LT. COL. GARY SOLIS: I do agree. And I think the military judge is going to stop any attempt by the defense to put the government, the war, or the Army on trial, and he will direct them to stay with the facts.
JEFFREY BROWN: Just briefly looking at what happens next, we don’t know yet whether there would be — the government would be asking for the death penalty, right?
LT. COL. GARY SOLIS: We do not, not until the case is referred by the commanding general.
JEFFREY BROWN: And then what happens?
LT. COL. GARY SOLIS: Well, then, at some point, we’re going to have dueling psychiatrists. That is, there’s going to be psychiatric examinations down the line an Article 32 investigation, akin to a pretrial investigation.
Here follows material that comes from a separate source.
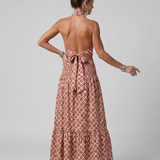 Amira | Geometrisches Print Cutout Midi Kleid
And the investigating officer will make a recommendation as to whether or not the case should go forward.
JEFFREY BROWN: And, Eugene Fidell, does history tell us that this process takes a while, a good while? How long?
EUGENE FIDELL: Well, I think the trial could begin — that is, the arraignment could take place later this year, maybe late this year, possibly early next year, because there’s going to be a lot of preliminary investigation that has to take place, both for the government and for the defense.
Now, if you ask me how long it will be before this case is over, including all the appeals and reviews, that has to be calculated in years, rather than months. So, I think everybody should — aside from not either convicting or acquitting Staff Sergeant Bales, you know, through commentary, everybody should relax for a while and wait until the evidence unfolds. And the first step in that process will be the Article 32 investigation.
JEFFREY BROWN: All right.
Eugene Fidell, Gary Solis, thank you both very much.